Шампанское «Советское». Высокая зеленая бутылка. C высоким горлышком, по верху обтянутым золотистой фольгой. Треугольный ярлычек и большая наклейка – с медалями… Ресторанно-новогодняя шипучка всей страны… C утра «такое» нормальные не употребляют… Коньяк азербайджанский. Коричневая жидкость в водочной бутылке. На треугольном ярлычке – медали. На наклейке – кавказская вязь. Напиток для аристократов. И кошелька, и духа… Водка «Столичная». Английская надпись наверху. На наклейке - медали. Ниже узнаваемым абрисом – столичная гостиница «Москва». Водка «Пшеничная». Белая наклейка. На наклейке – хлебные снопы. Наверху - медали. Водка «Московская». Высший сорт. И тоже медали… У алкоголя в СССР медалей, как у Брежнева. Водка «Тройка» с белым ярлычком, на котором нарисованы сани, запряженные лихой русской тройкой… Водка «Особая». И водка «Экстра» с зеленым ярлычком. Уже без медалей. Не удостоилась. Пока… «Прозрачный намек на зеленого змия», – говорил про такую дюшин отец. Вино молдавское «Белый аист». Аист, сплетенный из лоз винограда на ярлыке. Медали. Медали… Вино грузинское «Киндзмараули». Медали… Медали… Медали… Вино грузинское «Хванчкара». Темная бутылка с огненно-красной наклейкой. Причудливая вязь на этикетке. И тоже - медали… «Любимое вино товарища Сталина», – говорили про него в СССР. Кончилось вино для «аристократов». Началось плодово-ягодное. На наклейке целуются яблоко и груша. Напиток от местного производителя. В народе такое любовно зовут «бормотуха». Про него папа говорит: «Делают специально для горьких алкашей. И исключительно из гнилых яблок. Чтобы добру не пропадать. А то сгниет задаром. По всему СССР какой убыток»… Пиво «Жигулевское». С маленьким треугольным ярлычком на низком горлышке. В темных коричневых бутылках… Дефицит и большая удача! Мечта советских мужиков!
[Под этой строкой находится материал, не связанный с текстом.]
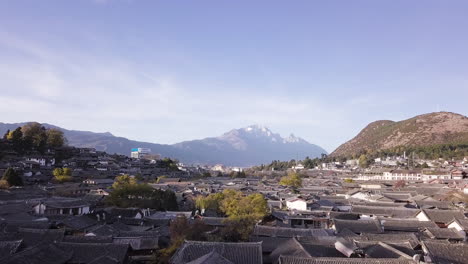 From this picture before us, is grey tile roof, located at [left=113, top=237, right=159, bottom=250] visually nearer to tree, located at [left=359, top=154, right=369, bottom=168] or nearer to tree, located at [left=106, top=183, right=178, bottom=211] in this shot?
tree, located at [left=106, top=183, right=178, bottom=211]

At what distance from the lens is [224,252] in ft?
49.5

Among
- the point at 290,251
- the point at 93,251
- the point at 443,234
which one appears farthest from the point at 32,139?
the point at 443,234

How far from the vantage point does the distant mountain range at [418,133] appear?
4008 inches

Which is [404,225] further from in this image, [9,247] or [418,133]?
[418,133]

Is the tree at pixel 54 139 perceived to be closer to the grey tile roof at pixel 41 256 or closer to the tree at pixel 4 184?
the tree at pixel 4 184

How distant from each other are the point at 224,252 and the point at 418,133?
109m

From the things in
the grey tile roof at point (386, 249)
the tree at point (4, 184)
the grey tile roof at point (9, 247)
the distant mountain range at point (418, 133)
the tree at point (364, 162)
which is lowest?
the grey tile roof at point (386, 249)

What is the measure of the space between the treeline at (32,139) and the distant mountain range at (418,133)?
7639 cm

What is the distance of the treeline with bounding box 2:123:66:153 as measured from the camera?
56781 mm

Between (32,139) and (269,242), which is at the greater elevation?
(32,139)

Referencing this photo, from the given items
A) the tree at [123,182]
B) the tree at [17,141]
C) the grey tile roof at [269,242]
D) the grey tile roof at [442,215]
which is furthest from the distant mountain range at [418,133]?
the grey tile roof at [269,242]

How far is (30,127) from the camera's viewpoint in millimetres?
61562

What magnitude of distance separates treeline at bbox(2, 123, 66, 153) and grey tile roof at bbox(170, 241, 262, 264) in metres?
50.3

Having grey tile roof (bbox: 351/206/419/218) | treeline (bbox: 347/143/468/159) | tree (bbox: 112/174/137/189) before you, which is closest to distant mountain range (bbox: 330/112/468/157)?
treeline (bbox: 347/143/468/159) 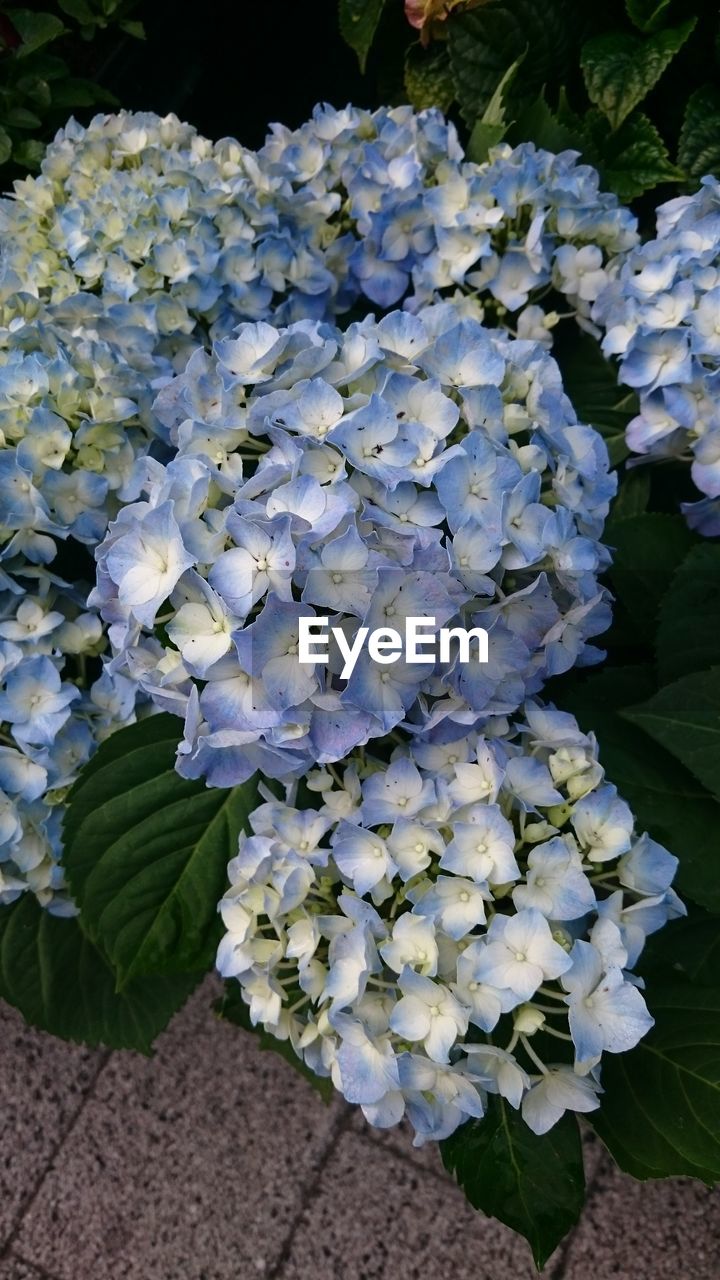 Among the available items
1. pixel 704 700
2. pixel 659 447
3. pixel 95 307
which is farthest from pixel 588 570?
pixel 95 307

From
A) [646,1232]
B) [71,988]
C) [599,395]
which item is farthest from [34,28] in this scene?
[646,1232]

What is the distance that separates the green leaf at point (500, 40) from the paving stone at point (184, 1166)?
49.9 inches

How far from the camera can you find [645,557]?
1043 mm

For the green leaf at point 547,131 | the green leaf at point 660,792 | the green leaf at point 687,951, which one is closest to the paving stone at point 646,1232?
the green leaf at point 687,951

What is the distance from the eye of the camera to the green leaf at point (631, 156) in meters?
1.23

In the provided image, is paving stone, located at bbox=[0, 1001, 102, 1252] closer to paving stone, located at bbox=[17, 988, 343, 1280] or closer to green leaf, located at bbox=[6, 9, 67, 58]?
paving stone, located at bbox=[17, 988, 343, 1280]

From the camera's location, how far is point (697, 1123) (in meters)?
0.82

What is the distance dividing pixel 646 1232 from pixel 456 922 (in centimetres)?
86

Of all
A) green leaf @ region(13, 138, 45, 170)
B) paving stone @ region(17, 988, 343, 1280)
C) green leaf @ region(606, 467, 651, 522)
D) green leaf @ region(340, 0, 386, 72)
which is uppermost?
green leaf @ region(340, 0, 386, 72)

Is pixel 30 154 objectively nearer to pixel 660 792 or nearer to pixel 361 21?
pixel 361 21

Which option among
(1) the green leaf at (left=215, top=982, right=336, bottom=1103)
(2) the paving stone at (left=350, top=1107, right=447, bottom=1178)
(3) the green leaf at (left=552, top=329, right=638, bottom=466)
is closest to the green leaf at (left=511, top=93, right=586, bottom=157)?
(3) the green leaf at (left=552, top=329, right=638, bottom=466)

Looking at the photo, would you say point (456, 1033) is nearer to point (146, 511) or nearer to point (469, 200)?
point (146, 511)

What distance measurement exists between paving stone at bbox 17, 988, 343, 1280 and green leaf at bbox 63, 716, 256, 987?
600mm

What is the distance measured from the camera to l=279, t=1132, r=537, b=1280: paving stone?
1337 mm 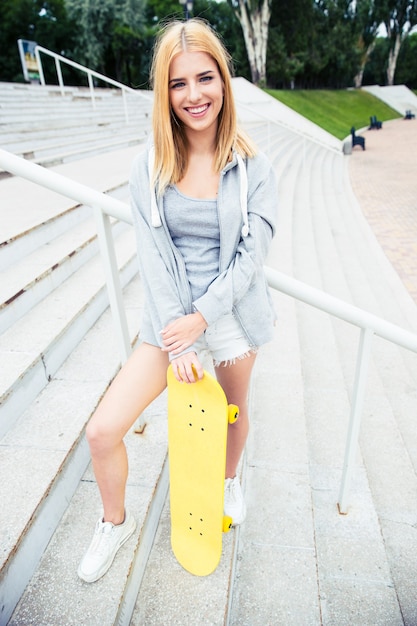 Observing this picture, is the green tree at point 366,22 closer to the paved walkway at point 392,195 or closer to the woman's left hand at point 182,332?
the paved walkway at point 392,195

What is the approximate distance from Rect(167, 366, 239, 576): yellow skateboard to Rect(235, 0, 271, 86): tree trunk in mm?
25754

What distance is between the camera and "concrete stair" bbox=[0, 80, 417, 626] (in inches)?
51.4

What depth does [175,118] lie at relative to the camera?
4.09ft

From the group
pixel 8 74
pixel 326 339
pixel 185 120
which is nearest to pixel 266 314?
pixel 185 120

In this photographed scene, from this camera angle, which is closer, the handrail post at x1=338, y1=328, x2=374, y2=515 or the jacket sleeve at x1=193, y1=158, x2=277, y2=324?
the jacket sleeve at x1=193, y1=158, x2=277, y2=324

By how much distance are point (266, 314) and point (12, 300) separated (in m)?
1.34

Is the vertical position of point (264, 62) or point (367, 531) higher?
point (264, 62)

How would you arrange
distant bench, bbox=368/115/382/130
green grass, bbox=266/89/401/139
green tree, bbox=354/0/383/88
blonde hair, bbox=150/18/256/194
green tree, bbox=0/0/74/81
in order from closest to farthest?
blonde hair, bbox=150/18/256/194 → green grass, bbox=266/89/401/139 → green tree, bbox=0/0/74/81 → distant bench, bbox=368/115/382/130 → green tree, bbox=354/0/383/88

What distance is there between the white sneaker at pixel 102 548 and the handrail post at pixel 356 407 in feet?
2.92

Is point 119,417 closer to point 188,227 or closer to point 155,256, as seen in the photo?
point 155,256

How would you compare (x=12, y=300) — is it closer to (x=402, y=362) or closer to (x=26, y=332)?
(x=26, y=332)

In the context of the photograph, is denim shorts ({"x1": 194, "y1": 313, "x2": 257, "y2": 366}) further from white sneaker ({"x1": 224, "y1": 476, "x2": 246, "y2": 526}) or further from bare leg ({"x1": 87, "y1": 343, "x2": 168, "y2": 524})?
white sneaker ({"x1": 224, "y1": 476, "x2": 246, "y2": 526})

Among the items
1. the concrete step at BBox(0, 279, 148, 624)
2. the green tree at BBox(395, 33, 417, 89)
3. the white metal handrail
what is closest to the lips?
the white metal handrail

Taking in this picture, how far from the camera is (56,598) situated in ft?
4.06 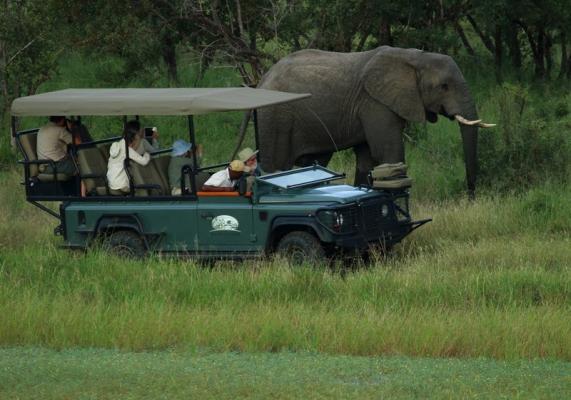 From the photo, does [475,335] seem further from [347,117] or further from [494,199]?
[347,117]

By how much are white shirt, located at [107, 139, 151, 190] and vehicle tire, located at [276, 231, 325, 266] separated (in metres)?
1.87

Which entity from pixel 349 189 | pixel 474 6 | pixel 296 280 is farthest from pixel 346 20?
pixel 296 280

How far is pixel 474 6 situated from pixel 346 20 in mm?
2744

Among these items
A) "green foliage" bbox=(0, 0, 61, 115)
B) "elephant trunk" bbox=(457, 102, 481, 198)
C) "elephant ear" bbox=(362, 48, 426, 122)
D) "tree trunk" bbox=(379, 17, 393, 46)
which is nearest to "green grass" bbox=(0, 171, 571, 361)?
"elephant trunk" bbox=(457, 102, 481, 198)

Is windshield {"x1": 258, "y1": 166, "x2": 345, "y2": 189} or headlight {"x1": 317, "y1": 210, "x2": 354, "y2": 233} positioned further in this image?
windshield {"x1": 258, "y1": 166, "x2": 345, "y2": 189}

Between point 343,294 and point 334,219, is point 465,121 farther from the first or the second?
point 343,294

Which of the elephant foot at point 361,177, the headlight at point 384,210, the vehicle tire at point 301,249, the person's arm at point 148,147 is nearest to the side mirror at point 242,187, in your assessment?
the vehicle tire at point 301,249

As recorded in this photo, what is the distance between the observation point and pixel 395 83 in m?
17.4

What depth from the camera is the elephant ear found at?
1739 cm

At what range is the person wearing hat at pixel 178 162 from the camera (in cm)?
1441

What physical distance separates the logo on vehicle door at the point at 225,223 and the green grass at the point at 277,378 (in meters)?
4.42

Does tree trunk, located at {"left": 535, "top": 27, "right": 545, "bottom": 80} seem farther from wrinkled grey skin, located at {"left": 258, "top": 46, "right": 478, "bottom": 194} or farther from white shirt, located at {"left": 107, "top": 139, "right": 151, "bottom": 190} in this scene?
white shirt, located at {"left": 107, "top": 139, "right": 151, "bottom": 190}

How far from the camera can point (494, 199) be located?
16.8 meters

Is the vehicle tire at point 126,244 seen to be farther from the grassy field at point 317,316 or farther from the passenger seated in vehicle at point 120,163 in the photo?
the grassy field at point 317,316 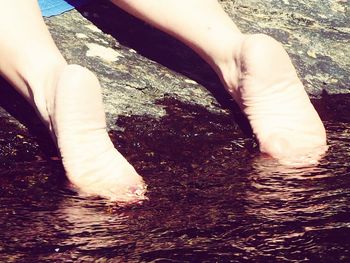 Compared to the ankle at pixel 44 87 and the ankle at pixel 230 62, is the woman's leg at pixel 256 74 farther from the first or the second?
the ankle at pixel 44 87

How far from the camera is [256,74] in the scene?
1735 mm

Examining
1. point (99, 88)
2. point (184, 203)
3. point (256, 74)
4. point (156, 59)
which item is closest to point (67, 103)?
point (99, 88)

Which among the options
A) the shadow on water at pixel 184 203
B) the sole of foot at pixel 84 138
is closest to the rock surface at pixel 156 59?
the shadow on water at pixel 184 203

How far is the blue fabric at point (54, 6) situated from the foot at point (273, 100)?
632 mm

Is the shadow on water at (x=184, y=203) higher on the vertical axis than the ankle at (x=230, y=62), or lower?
lower

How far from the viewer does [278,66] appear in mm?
1737

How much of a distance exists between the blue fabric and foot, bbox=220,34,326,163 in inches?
24.9

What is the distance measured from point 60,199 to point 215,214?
0.31 meters

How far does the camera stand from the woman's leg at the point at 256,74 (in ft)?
5.55

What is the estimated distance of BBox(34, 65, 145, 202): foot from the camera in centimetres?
148

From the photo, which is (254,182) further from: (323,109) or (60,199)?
(323,109)

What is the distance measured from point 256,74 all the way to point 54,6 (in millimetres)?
727

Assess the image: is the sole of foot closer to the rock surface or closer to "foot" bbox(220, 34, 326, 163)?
the rock surface

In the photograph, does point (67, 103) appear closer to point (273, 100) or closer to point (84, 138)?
point (84, 138) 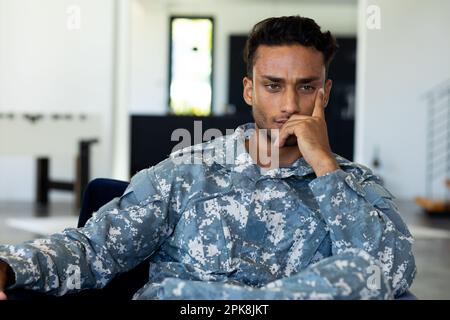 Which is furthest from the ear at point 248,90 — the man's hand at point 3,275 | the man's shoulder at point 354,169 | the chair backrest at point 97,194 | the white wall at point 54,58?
the white wall at point 54,58

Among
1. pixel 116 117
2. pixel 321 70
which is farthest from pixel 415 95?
pixel 321 70

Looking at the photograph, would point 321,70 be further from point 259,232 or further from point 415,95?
point 415,95

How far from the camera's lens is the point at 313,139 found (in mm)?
1691

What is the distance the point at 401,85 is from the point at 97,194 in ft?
24.1

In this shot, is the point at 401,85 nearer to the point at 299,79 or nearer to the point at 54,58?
the point at 54,58

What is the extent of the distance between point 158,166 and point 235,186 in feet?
0.62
И ниже полкой – снова «женское». «Для вас, хозяйки», как пишется в журнале… Вот джем «Сливовый». Тоже весьма хорошая вещь. Для женщин и детей. Завсегда хорош бывает к чаю. Ниже полкой – соки. В огромных трехлитровых банках. Целые батареи из могучих, пузатейших банищ… Сок яблочный. C мякотью. Мутный. И сок виноградный. Прозрачный, как слеза. Сок березовый. Сок томатный, и тоже, естественно, c мякотью. Темная, помидорно-томатно венозная кровь земли. Вот детское советское питье. Лимонад «Буратино». Треугольный ярлычок на горлышке. На нем – надпись и картинка с улыбающимся во весь рот носатым человечком. Поговаривали, что и «Буратино» производят из гнилья. Что детская «бормотуха», что взрослая… Зеленый «Напиток шипучий, безалкогольный - Тархун». В такой же лимонадной таре. Но с зеленым ярлычком. Отец говорил про него как-то, смеясь: «Добавляют шампунь. И для пены, и для вкуса, цвета, запаха. Потому и шампуня приличного нет»… - так он шутил.

Пошел чай. Вот он - «Краснодарский». Бумажные ленты схватили синюю бумагу, сковали прочно плотную фольгу. Сорт высший. Весьма недурен… И рядом - «Грузинский». Притулился, как бедный сиротка… «Грузинский - с дровами»… - так говорит про него дюшин отец. Бедненький. Никто-то его не берет, думает Дюша про тот чай. И ему становится даже как-то неожиданно жалостливо… Еще один сиротка. Кофейный напиток «Ячменный». Коричневые, плотные коробки… Давно скучает… Никто его, беднягу, не берет… Эх, вы, сироты, сироты лабазно-магазинные… А дальше пошло интересное. Конфеты… Вот шоколад «Юбилейный». Блестящая обертка c причудой вензелей по синему полю. Шоколадная фабрика «Красный Октябрь». Город Москва. Детское любимое – женское заветное… Наш советский – русский шоколад. Самый шоколадный вкус в мире. Вот конфеты «Коровка» – конвертики со сладкими письмами, тающими патокой во рту… И еще, еще конфеты. Вот «Батончики соевые». «Батончики белые». «Ирис Кис-кис» по кличке «сломай зуб» – очень твердые. Леденцы «Мятные» – маленькие, светлые. Леденцы «Дюшес» – зеленые, как драгоценные каменья, прозрачные, большие. Конфеты «Лимончики» – сладкие, желтые шарики с белой начинкой внутри. Как хорошо было их раскусить… Конфеты «Подушечки» - c вареньем. Бабушка Архелая такие очень любит…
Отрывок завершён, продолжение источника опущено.